Yes long wheel base rigid steam does not like small radii, it even will tell you so on the instructions that come with said engines. I have a 2-8-8-2 that will take 18" just fine but another 4-8-2 that wont. Alot of it will depend on the engine. And yes the larger radii looks better no matter what you run. Some times it is just a matter of what you have to give up just to have a layout, and in my case I have to use the 18" radii and give up being able to run some of my longer equipement.

Massey


----------



## deboardfam (Oct 8, 2010)

Looks like I am going to have to switchup my research and start researching N scale. So the prebuilts for like $80 for buildings and things. What other options? I saw someone posting about sourcing stuff from lowes and backyards etc to have a cheaper layout. That would be great then I could spend more money on the engines and things. I really want a sound engine and to be able to do a few continuous loops so I am just going to have to switch it up to N scale. I will be returning my flex track and everything I bought and getting all N. That is the issue. I am new to the hobby so I am having to buy everything new.


----------



## pookybear (Feb 3, 2011)

Well new is nice but some hunting on Ebay should get you some good deals
as well. That might just extend your hobby dollars a bit further.

Pookybear


----------



## deboardfam (Oct 8, 2010)

OMG ebay has blew up my hobby money lol.
All these lots of buildings, people. trees for like $5-10.. I dont even know how many ive bid/won at this point. So.. thats awesome. Should let me get a REALLY nice sound steamer.. then just a few basic DCC diesels as welll. Then I will be set. N scale it is. Gotta return my stuff and get a bunch more N track.


----------



## norgale (Apr 4, 2011)

Debardfam you are very close to being able to run HO and you already have some HO stuff. What you need is just a smidg more room at each end of the "L" so you can have a continuous track around the outside. Get a pencil and a string and figure out how much you need to add to the edge of the table at each end for a 22" radius turn. With 22R on the outside you can run 18 on the inside and have lots of room for yards and industry and scenery ect.
If there's no way to add a little to each end of the "L" then you need to go with "N" scale. The three foot width is your determining factor and at that width "N" scale will give you the best performance with nice wide curves that look good. If you try to incorporate all these if's, and's and but's you'll never get going at all. Pete


----------



## Massey (Apr 16, 2011)

I was the one talking about sourcing stuff from other places to use on your layout and save money. Just think Woodland Scenics stuff is great, I really like it but most of it can be sourced from your back yard or from your local home improvement store for cheap. Want to make trees? Find twigs and branches in your back yard (or your neighbors) and break off a few of the extras until you have a good looking tree, remove the pine needles of course before adding foam foiliage. You can also use the twigs as tree trunks and some wire (copper or steel available at home improvement stores for cheap) as the branches. Sand can be colored with dyes and inks to provide a wide range of surface colors, using play sand for this will provide the best results. Regular sand or landscaping sand will have various sized grains and some added little stones which would make a great bed for a lake, river, body of water, farm, mountain or what not. I once came across a video about making ground foam for pennies. This involved some paint or dye, some pillow foam (makeup sponges would work great here too) and an old blender... You get the idea! 
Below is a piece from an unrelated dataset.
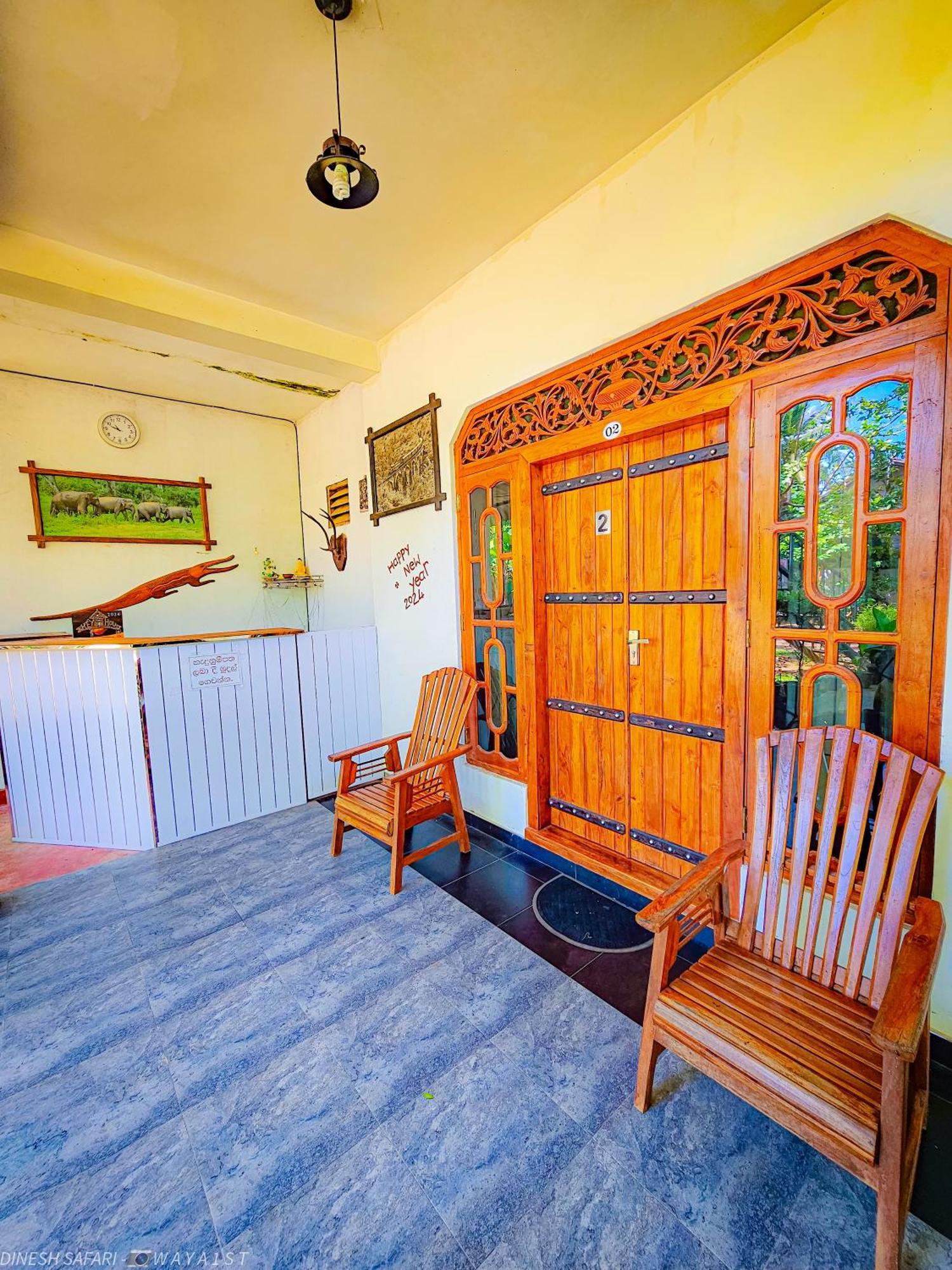Dinesh Safari Homestay Udawalawe Luaran gambar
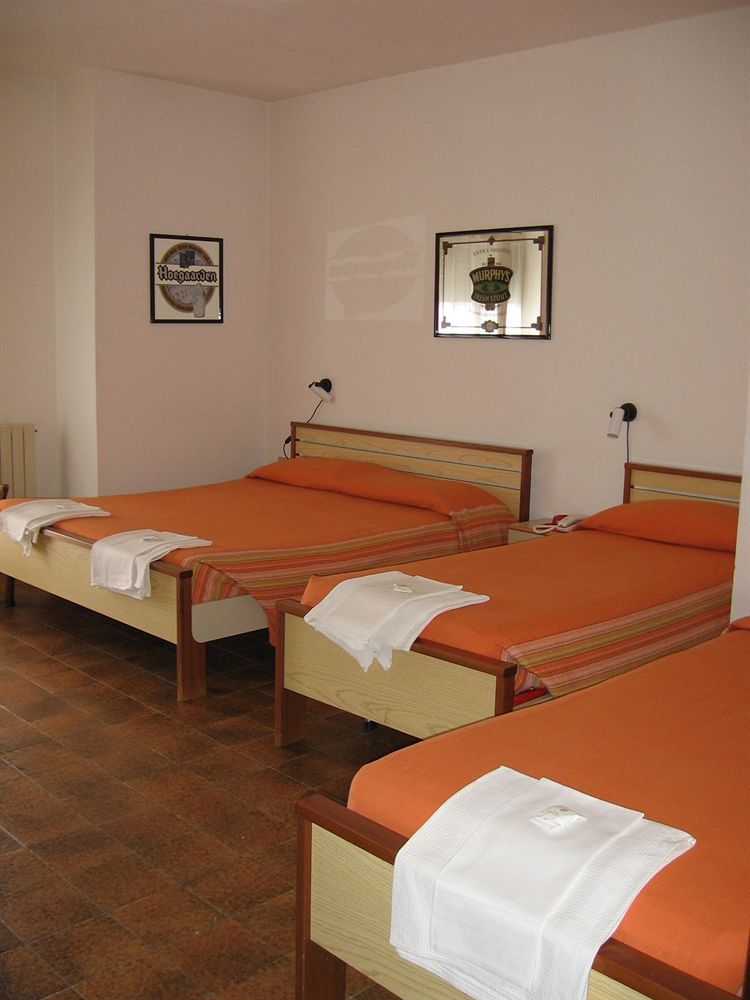 Hotel Cristina San Rocco di Piegara ภายนอก รูปภาพ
Modeling does not have to be a huge expense, you just have to get creative. 

As for the size of the layout... Well there is not alot you can do there, physics and all that. I would recomend that you research what each scale takes to built what you want and then after you find which one may suit your needs the best then stick with that scale. I prefer HO personally, N is just a little too small and the price is not really all that attractive. I can get HO equipment cheaper, engines at about the same price, structures are a little cheaper and decoders are ALOT cheaper. Granted I have a small layout that really only has 2 industries to switch, and I could have a HUGE layout if this was N with many industries and long trains but to me it is just not worth the money. HO looks better IMHO and it functions better too. Just my $.02

Massey


----------



## deboardfam (Oct 8, 2010)

Thanks for the input guys.. love the sand idea. My buddy owns a pool store and I can get a 50lb bag of bright white sand for like $8. 

I am definately going to go N due to limited space. I would prefer HO but.. just had to bite the bullet. If i wanted the scenes and things and have a decent size track to run, had to be N. I will have an HO setup at some point though, when I get a new house.


----------